Auf den ersten Blick scheint das Werk der Malerin Jo Baer in zwei Teile zu zerfallen. Der erste beginnt um 1960 mit Papierarbeiten, die im Zeichen der Abstraktion stehen — aber nicht nur das. Beharrlich untersuchte die 1929 geborene Amerikanerin Formationen, die an Säulen und architektonische Grundrisse denken lassen. Parallel zu den künstlerischen Recherchen der Minimal Art entwickelte Baer wenige Jahre später Bilder, die durch radikale Reduktion glänzen: monochrome helle Flächen, gerahmt von einem schwarzen und einem schmaleren farbigen Streifen, die zusammen eine optisch vibrierende Einfassung der leeren Mitte bilden.

 

Obwohl Baer schon früh international erfolgreich war — ungewöhnlich genug für eine Frau ihrer Generation —, zog sie sich 1975 aus der New Yorker Kunstwelt zurück, ließ sich erst in Irland und 1984 schließlich in Amsterdam nieder.
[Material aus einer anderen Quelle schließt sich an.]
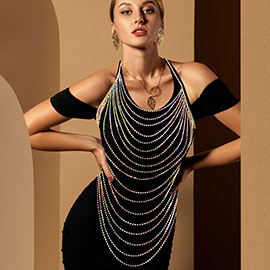 Draped Crystal Rhinestone Pave Bib Body Chain Necklace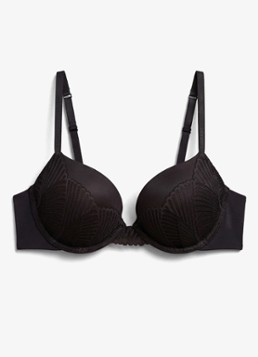 Calvin Klein Dames Push-up bh met details van kant in de kleur Zwart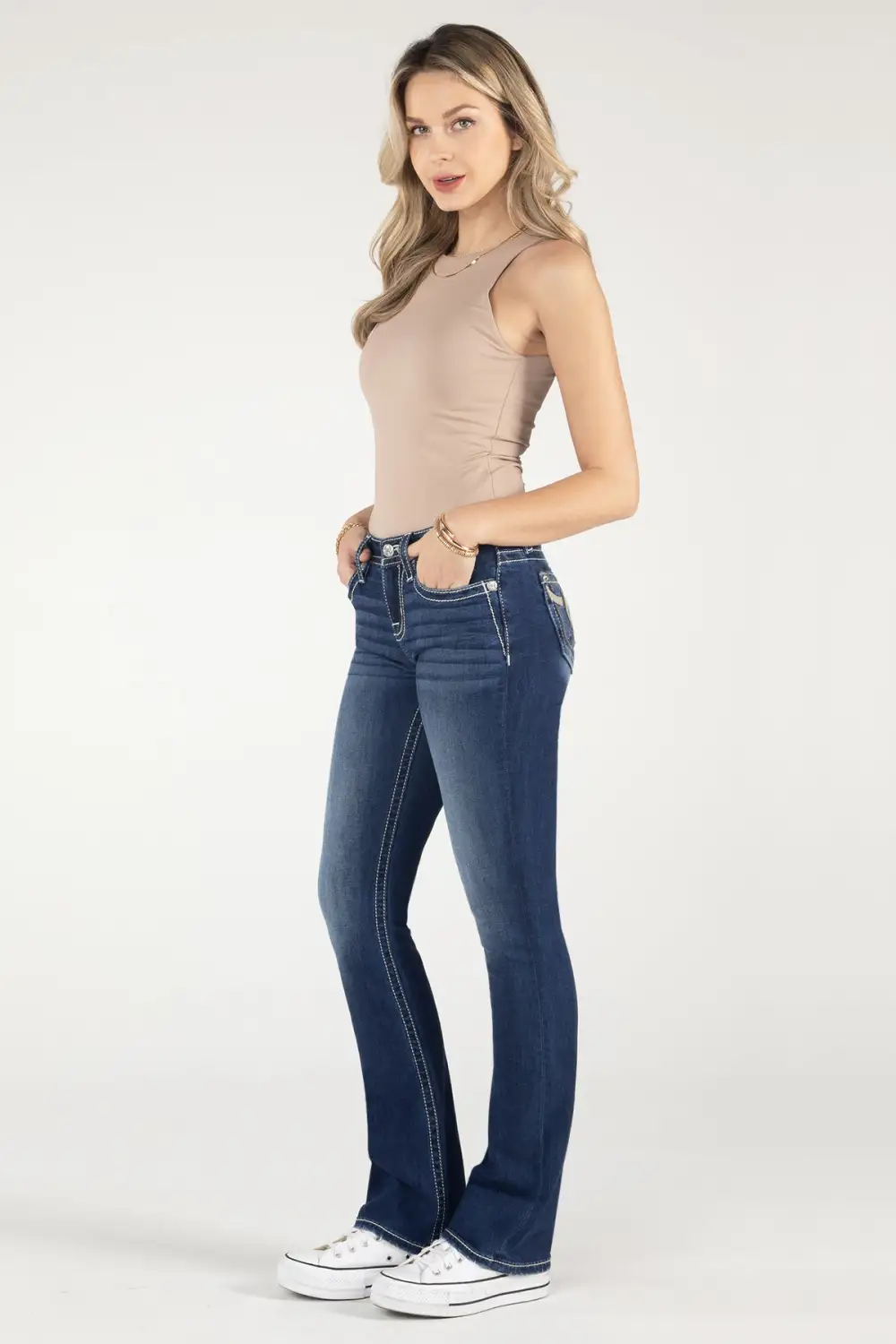 Sequin Swirl Longhorn Bootcut Jeans
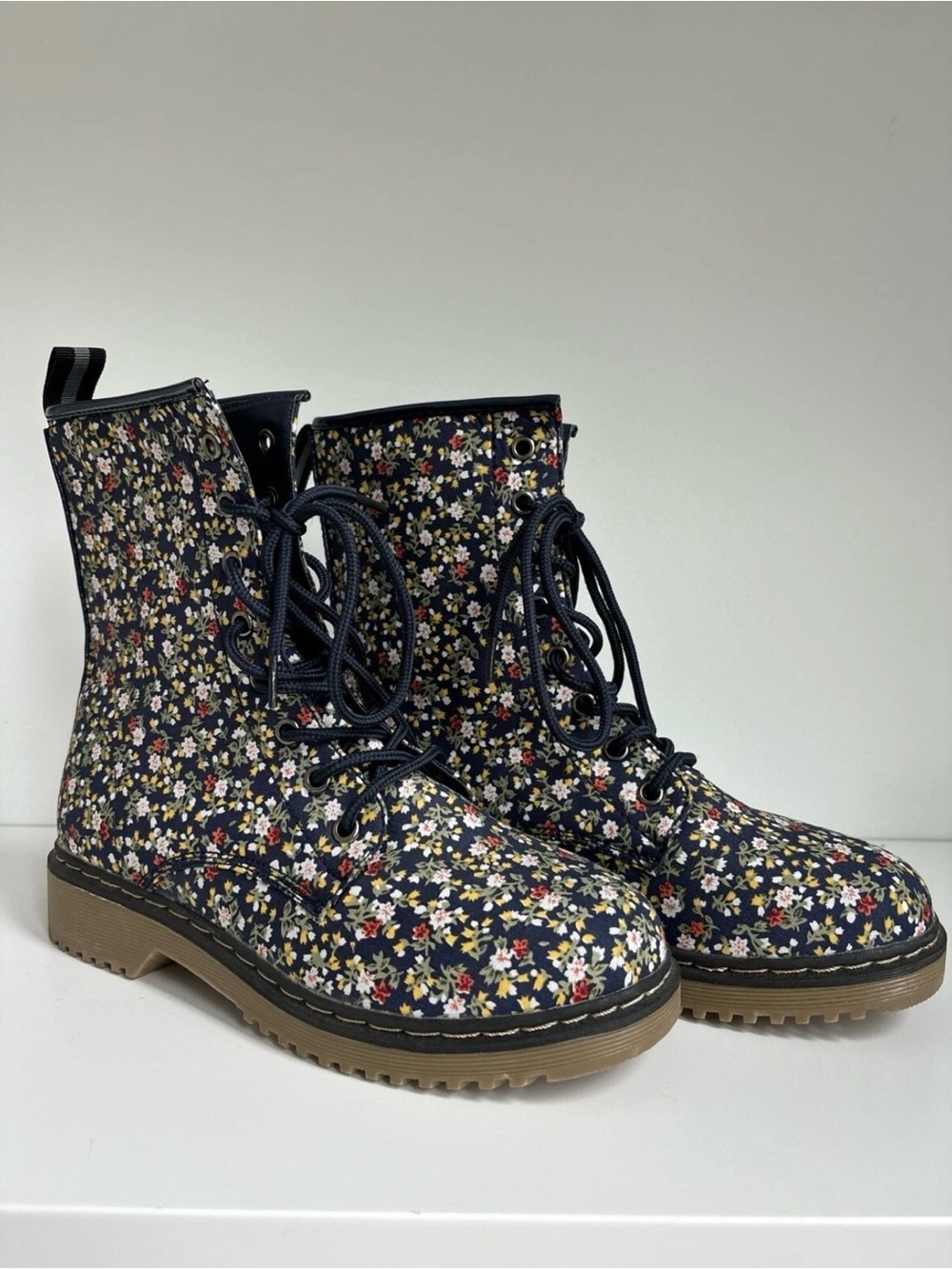 Floral Lace-Up Combat Boots - Navy Floral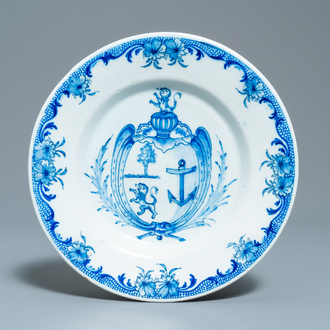 A Dutch Delft blue and white armorial alliance plate, ca. 1800
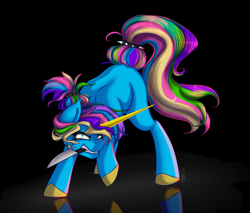 Size: 2000x1700 | Tagged: safe, artist:shamy-crist, oc, oc only, pony, unicorn, female, knife, mare, mouth hold, solo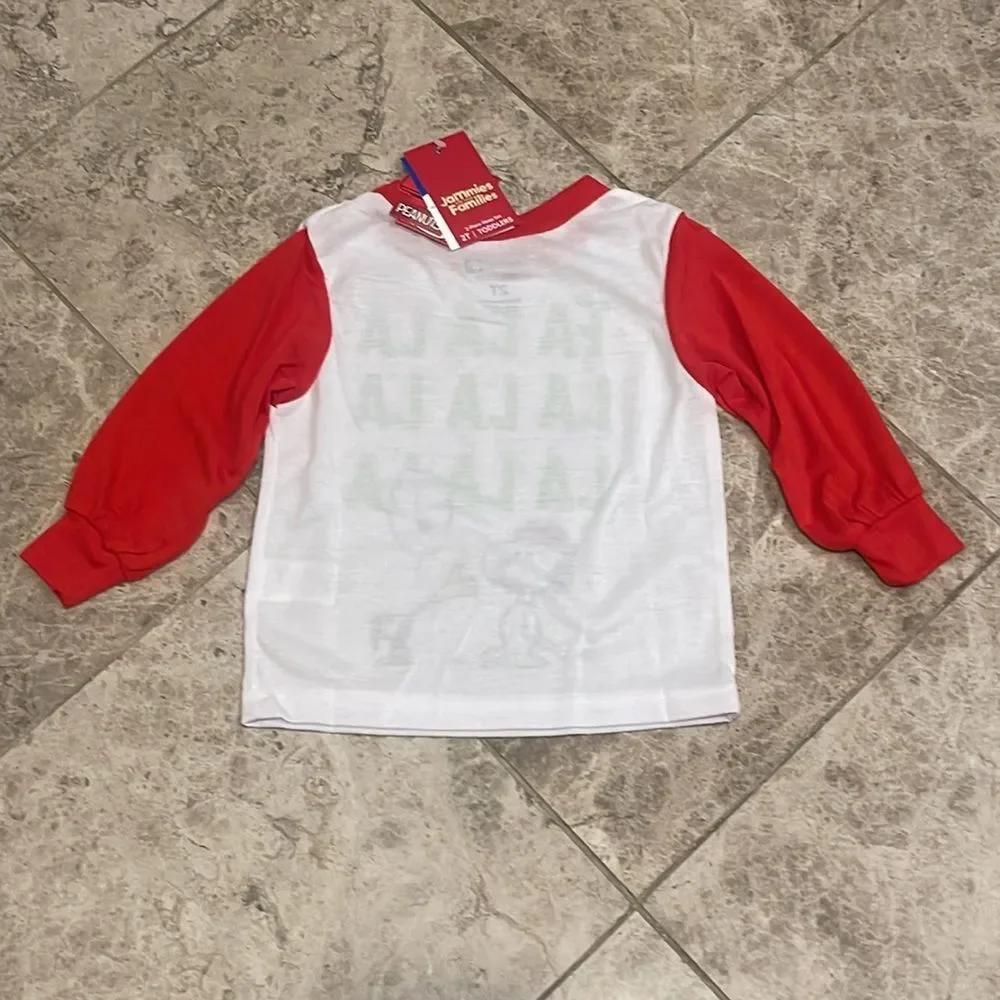 Jammie’s For Your Families Peanuts Fa La La Pajama PJ Set NEW Size 2T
In einem Filminterview, das im Rahmen ihrer aktuellen Schau im Museum Ludwig zu sehen ist, erklärt Baer, dass ihr die Abstraktion ab einem bestimmten Zeitpunkt chancenlos vorkam. Angesichts des Siegeszugs der Pop Art und der Übermacht des Kommerzes schienen die Voraussetzungen zu schwinden, sich über und durch abstrakte Kunst zu verständigen. Folglich widmet sich der zweite Teil ihres Schaffens gegenständlichen, oft wie collagiert wirkendenden Kompositionen. Dabei speist sich ihre Bildsprache aus der Frühgeschichte und Archäologie ebenso wie aus Naturdarstellungen oder den Werken von Künstlerkollegen. Sie kommuniziert mit dem Publikum auf erzählerische, intuitive Weise.

 

Es war eine gute Idee, bei der Hängung dieser bislang größten Ausstellung zu Baers Schaffen nicht dem üblichen chronologischen Schema zu folgen und damit die gewohnte Sichtweise des gespaltenen Werks zu zementieren. Stattdessen lässt sich dank der Gegenüberstellungen von Arbeiten verschiedener Werkphasen der innere Dialog zwischen ihnen verfolgen — etwa die Vorliebe für bestimmte Farbpaletten oder das feine Gespür für räumliche Ordnungen. So zeigt sich in Baers Malerei, neben allen offensichtlichen Differenzen, auch eine überraschende Einheit in der Vielheit.